Figure 3. SLM (ac) and SEM (df) images of PCL(a,d), LbL coated (b,e), and HVJ-E coated PCL nanofibers (c,f).
Materials 09 00012 g003aMaterials 09 00012 g003b

2.2.2. CLM Observations

One of the great advantages of nanofiber structure compared to two dimensional substrates is the large surface area and porosity of the nanofiber [32]. Therefore, a large amount of molecules can be deposited onto the fiber surface. But it is normally difficult to achieve homogeneous coating within a thick nonwoven nanofiber mesh because the concentration is gradually changed in the thickness direction. Therefore, confocal laser microscopy (CLM) was used to observe the distribution of HVJ-E particles within the nanofiber. Figure 4 shows the confocal microscope images of HVJ-E immobilized nanofibers. PLL and HVJ-E were stained with FITC (green) and pKH-26 (red), respectively. It can be seen that relatively uniform coatings were formed throughout the nanofiber mesh. The bottom images are vertical images for the nanofiber reconstructed by combining multiple sections of CLM images. These images show that both green and red fluorescence were observed not only on the surface of PCL-nanofibers but also inside the fiber structures.

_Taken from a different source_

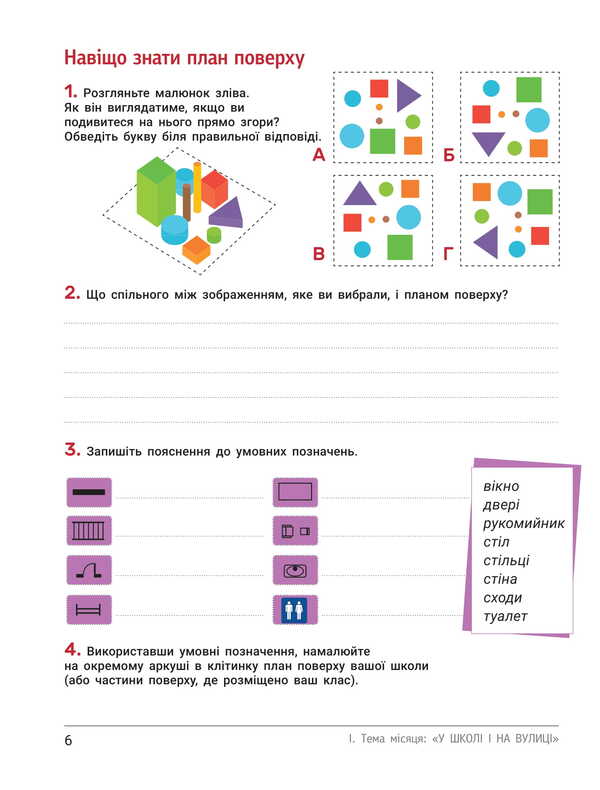 Notebook Of The Researcher. Grade 3. Part 1 (To Podre. Ishchenko OL And Others) / Зошит дослідника. 3 клас. Частина 1 (до підр. Іщенко О. Л. та ін.) Elena Ishchenko, Andrei Ishchenko / Олена Ішенко, Андрій Ішенко 9789669455192-6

2.3. HVJ-E Releasing from the Nanofibers

The release of HVJ-E particles from the nanofibers was examined by measuring the absorbance at 280 nm by UV-vis (Figure 5). The desorption of HVJ-E particles was achieved by using ionic strength and temperature changes to interfere with the electrostatic interactions between HVJ-E and PLL. Therefore, the HVJ-E release experiment was conducted in Dulbecco’s phosphate buffer saline (PBS) at 37 °C. The HVJ-E particles were released over time, and it reached equilibrium at around 60 hemagglutinin unit (HAU) of HVJ-E after 8 h. Figure S2 in the supplementary material shows the effect of the amount of HVJ-E on the cytotoxicity of PC-3 cells. According to this data, 60 HAU of HVJ-E is enough to induce the cell cytotoxicity. The inserted graph plots the released HVJ-E during the first four hours against the square root of a time. Interestingly, it fits to the Higuchi model which describes the release rate of drugs from a matrix system [33].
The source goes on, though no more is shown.